==== Records for the exercise ====
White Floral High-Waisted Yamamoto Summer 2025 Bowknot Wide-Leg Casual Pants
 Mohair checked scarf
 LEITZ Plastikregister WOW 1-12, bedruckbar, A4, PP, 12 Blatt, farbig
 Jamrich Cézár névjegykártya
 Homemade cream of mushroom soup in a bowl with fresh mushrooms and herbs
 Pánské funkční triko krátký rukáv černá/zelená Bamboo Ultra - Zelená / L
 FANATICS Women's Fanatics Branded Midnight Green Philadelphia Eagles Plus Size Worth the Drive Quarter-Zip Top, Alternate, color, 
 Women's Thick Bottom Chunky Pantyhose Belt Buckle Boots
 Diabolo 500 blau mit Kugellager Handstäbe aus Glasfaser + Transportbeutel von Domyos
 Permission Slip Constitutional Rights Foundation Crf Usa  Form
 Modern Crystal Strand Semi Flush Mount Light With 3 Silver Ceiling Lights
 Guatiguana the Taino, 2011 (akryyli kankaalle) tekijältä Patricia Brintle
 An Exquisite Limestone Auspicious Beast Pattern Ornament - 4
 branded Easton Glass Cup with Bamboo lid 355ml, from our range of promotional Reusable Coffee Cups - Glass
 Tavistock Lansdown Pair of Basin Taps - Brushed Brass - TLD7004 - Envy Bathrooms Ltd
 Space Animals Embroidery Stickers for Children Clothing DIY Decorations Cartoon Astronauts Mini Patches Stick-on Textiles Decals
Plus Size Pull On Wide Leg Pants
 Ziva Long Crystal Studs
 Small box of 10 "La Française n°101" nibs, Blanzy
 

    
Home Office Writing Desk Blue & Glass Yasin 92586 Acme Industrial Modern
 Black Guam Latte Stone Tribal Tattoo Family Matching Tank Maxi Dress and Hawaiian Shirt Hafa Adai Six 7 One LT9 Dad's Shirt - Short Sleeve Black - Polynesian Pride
====
Brief: Please retype all of the data above exactly as written.

Solved problem:
White Floral High-Waisted Yamamoto Summer 2025 Bowknot Wide-Leg Casual Pants
 Mohair checked scarf
 LEITZ Plastikregister WOW 1-12, bedruckbar, A4, PP, 12 Blatt, farbig
 Jamrich Cézár névjegykártya
 Homemade cream of mushroom soup in a bowl with fresh mushrooms and herbs
 Pánské funkční triko krátký rukáv černá/zelená Bamboo Ultra - Zelená / L
 FANATICS Women's Fanatics Branded Midnight Green Philadelphia Eagles Plus Size Worth the Drive Quarter-Zip Top, Alternate, color, 
 Women's Thick Bottom Chunky Pantyhose Belt Buckle Boots
 Diabolo 500 blau mit Kugellager Handstäbe aus Glasfaser + Transportbeutel von Domyos
 Permission Slip Constitutional Rights Foundation Crf Usa  Form
 Modern Crystal Strand Semi Flush Mount Light With 3 Silver Ceiling Lights
 Guatiguana the Taino, 2011 (akryyli kankaalle) tekijältä Patricia Brintle
 An Exquisite Limestone Auspicious Beast Pattern Ornament - 4
 branded Easton Glass Cup with Bamboo lid 355ml, from our range of promotional Reusable Coffee Cups - Glass
 Tavistock Lansdown Pair of Basin Taps - Brushed Brass - TLD7004 - Envy Bathrooms Ltd
 Space Animals Embroidery Stickers for Children Clothing DIY Decorations Cartoon Astronauts Mini Patches Stick-on Textiles Decals
Plus Size Pull On Wide Leg Pants
 Ziva Long Crystal Studs
 Small box of 10 "La Française n°101" nibs, Blanzy
 

    
Home Office Writing Desk Blue & Glass Yasin 92586 Acme Industrial Modern
 Black Guam Latte Stone Tribal Tattoo Family Matching Tank Maxi Dress and Hawaiian Shirt Hafa Adai Six 7 One LT9 Dad's Shirt - Short Sleeve Black - Polynesian Pride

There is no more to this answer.